Puzzled, Murrill tried again. This time he scraped a hole in the trees’ bark and exposed the tissue beneath. Then he put the fungus directly into the small wounds. Within four to six weeks, all the branches above the wound sites were dead. That solved the second mystery: Any wound that exposed the tissue layer beneath the bark—a scratch from a squirrel’s claw, a hole gouged by a woodpecker, a break caused by the wind snapping off a branch—provided a doorway for the fungus to reach the tree’s inner tissue.
BENEATH THE BARK
How could a tiny fungus kill a gigantic tree? The answer lies beneath the bark. In a sense, a tree resembles the human body. Its trunk encases the tree’s internal tissues in much the same way that the trunk of your body surrounds your heart, liver, and other internal organs. Like your arms, a chestnut tree’s branches are extensions off its trunk. Bark, the trunk’s outermost covering, is the tree’s skin. It protects the tree from pests and diseases and insulates it from extreme weather conditions.
Three layers of tissue lie just under the bark. They control how healthy the tree is and how well it grows. Two of the layers are made of tubular vessels—like super-thin drinking straws. One layer carries nutrients and water from the leaves down to the roots. The other transports nutrients that are absorbed by the tree’s roots up to the branches and leaves.

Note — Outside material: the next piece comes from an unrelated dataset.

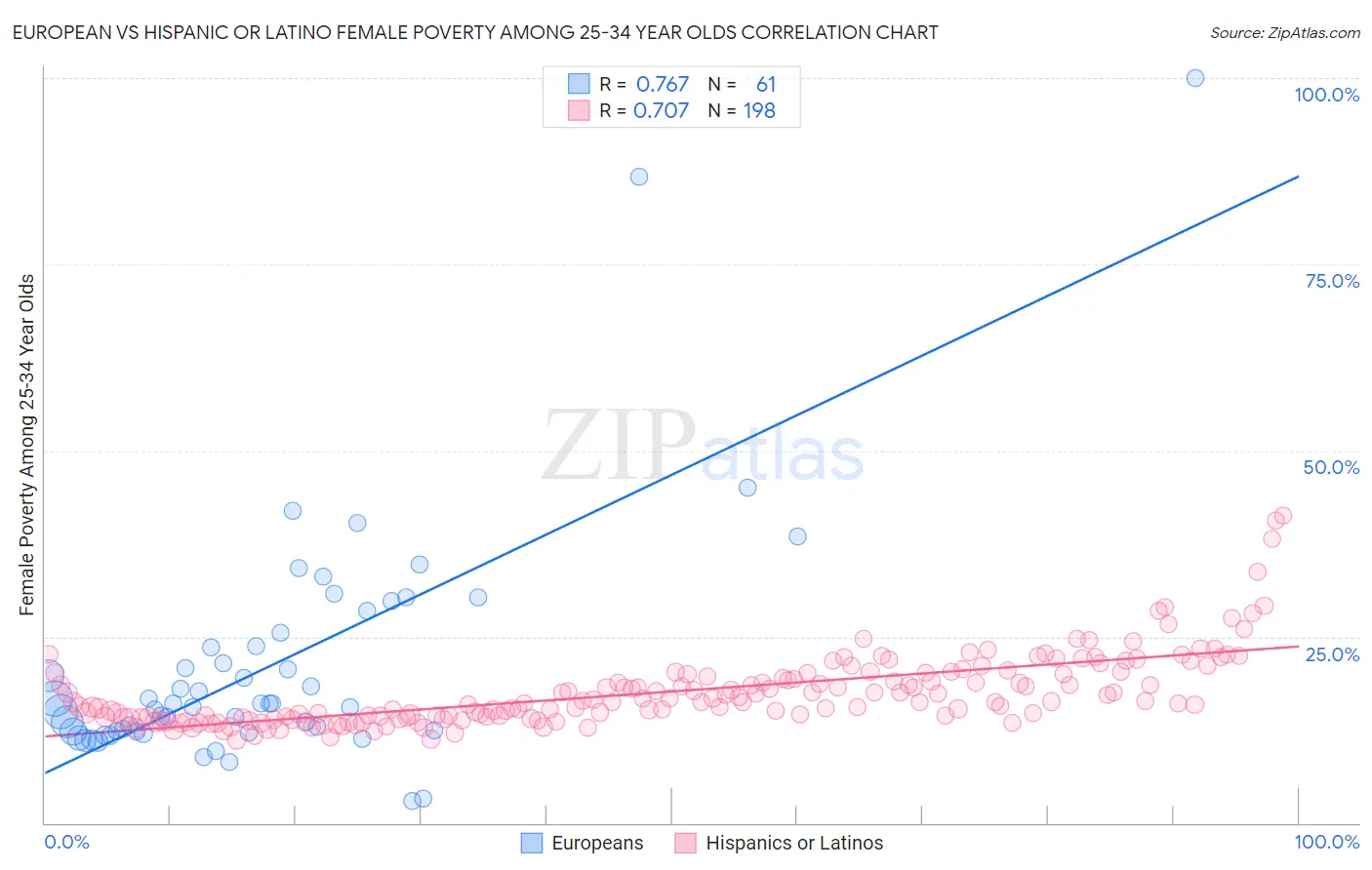 European vs Hispanic or Latino Female Poverty Among 25-34 Year Olds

Between the two nutrient transport layers is the third layer, a paper-thin sheet of cells called the cambium. The cambium is very important because it produces the cells that a tree needs to grow. When a large area of the cambium is damaged, it is a severe injury, and death can occur.
Spotting the ugly wounds on a chestnut tree’s branches and trunk was easy. But Murrill was unable to solve the third mystery—how the fungus killed the tree—until he looked at the tissue beneath the bark. There he saw that the blight fungus’s microscopic threads had fanned out beneath the bark as they sought water and food. The thready network spread throughout the cambium until it encircled the trunk or a branch. Encircling, or girdling, a trunk or branch in this way cuts off the tree’s food-supply lines. The parts of the chestnut tree beyond the girdled area starved to death. Appalled, Murrill realized that the fungus was the most destructive kind of parasite—one that killed its host, the plant or animal it grew on. Although he had identified the culprit and discovered how it killed chestnut trees, Murrill was disappointed that he could not find a way to stop it. The only advice he could offer Merkel was to cut down and burn the sickened trees to keep the fungus from spreading.
In 1906, Murrill wrote, “My observations … have led me to take a gloomy view regarding the immediate future of the chestnut [tree]. The disease seems destined to run its course … and it will hardly be safe to plant young trees while the danger of infection is so great.” Throughout the summer he watched as Hermann Merkel lost heart. “I believe he considers the condition quite hopeless.… Practically all the chestnut trees within [Merkel’s] jurisdiction appear to be dying rapidly. Even the young trees in the nursery [at the zoo] have been either entirely killed or rendered worthless by the fungus.”
By 1911, only two of the 1,500 chestnut trees that had graced the grounds of the New York Zoological Park remained. And foresters, botanists, and chestnut growers in neighboring states reported more alarming news: The blight had spread and was killing the American chestnut trees in their areas, too. Some of them followed Murrill’s advice. They cut and burned infected trees. Some experimented with special sprays created to kill fungi. Others resorted to home remedies, such as pouring poison on chestnut tree roots or boring holes into the trunks and filling them with iron nails or sulfur. Nothing worked.
Were American chestnut trees doomed? And why were people so concerned?